The one thing that should bring me out of the period of silence on this blog is my discovery today that Lady Bird Johnson passed away 2 weeks ago. I wondered if I would get the chance to meet her some day (on earth at least); she was and is an inspiration to the dream garden I see when I close my eyes. In this garden, there are beautiful flowers, elegant and regal but with a delicate and wild balance that arrange themselves in sometimes indiscernible patterns.

My first visit to the Lady Bird Johnson Wildflower Center came at a time when I was starting to get interested in wildflowers. I was new to Texas, and new to the idea of gardening but I had always been interested in wildness in nature. Like Lady Bird, as a child I spent time just sitting in fields and being with the tall grasses and “surprise flowers” (as I saw it–surprise). I was amazed to discover this entire world in Texas of wildflower research, this protectiveness and pride which has also become the nations’ pride. Texas wildflowers are famous the world over.

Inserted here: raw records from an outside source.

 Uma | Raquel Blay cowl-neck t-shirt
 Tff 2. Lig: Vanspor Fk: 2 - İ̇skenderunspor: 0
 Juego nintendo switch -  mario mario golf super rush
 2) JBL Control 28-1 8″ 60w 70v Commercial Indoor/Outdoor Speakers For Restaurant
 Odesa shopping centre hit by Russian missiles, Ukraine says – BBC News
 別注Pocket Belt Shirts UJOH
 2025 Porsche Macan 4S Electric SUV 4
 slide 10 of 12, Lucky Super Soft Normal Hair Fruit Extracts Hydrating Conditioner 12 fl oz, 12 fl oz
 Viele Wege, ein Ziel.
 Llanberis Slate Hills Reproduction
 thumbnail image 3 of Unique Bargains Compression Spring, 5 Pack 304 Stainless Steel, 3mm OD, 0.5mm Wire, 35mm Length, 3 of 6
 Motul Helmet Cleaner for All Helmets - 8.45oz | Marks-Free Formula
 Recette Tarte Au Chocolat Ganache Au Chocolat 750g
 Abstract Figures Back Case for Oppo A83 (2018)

On my visit I was warned that it had been a bad year for wildflowers with the recent drought but I was stunned to stand in front of fields that collected themselves in colorful drifts… I had to try the wildflower experiment for myself. The thing that I admire about how she carried her vision is that it wasn’t idealistic in the way that so much of the current environmental message is, with its red-flag warnings and cynical doomsday guilt. She seemed to have radiated a love for her surroundings, carrying her lifework with hope and elegance–and teaching by example in her own beauty how gorgeous the wild things are. And that message is far more powerful, to me at least, and has certainly borne fruit in the massive organization and research she helped to start.

Lady Bird Johnson, thank you for being a true wildflower. There are many seeds of life that will come from you.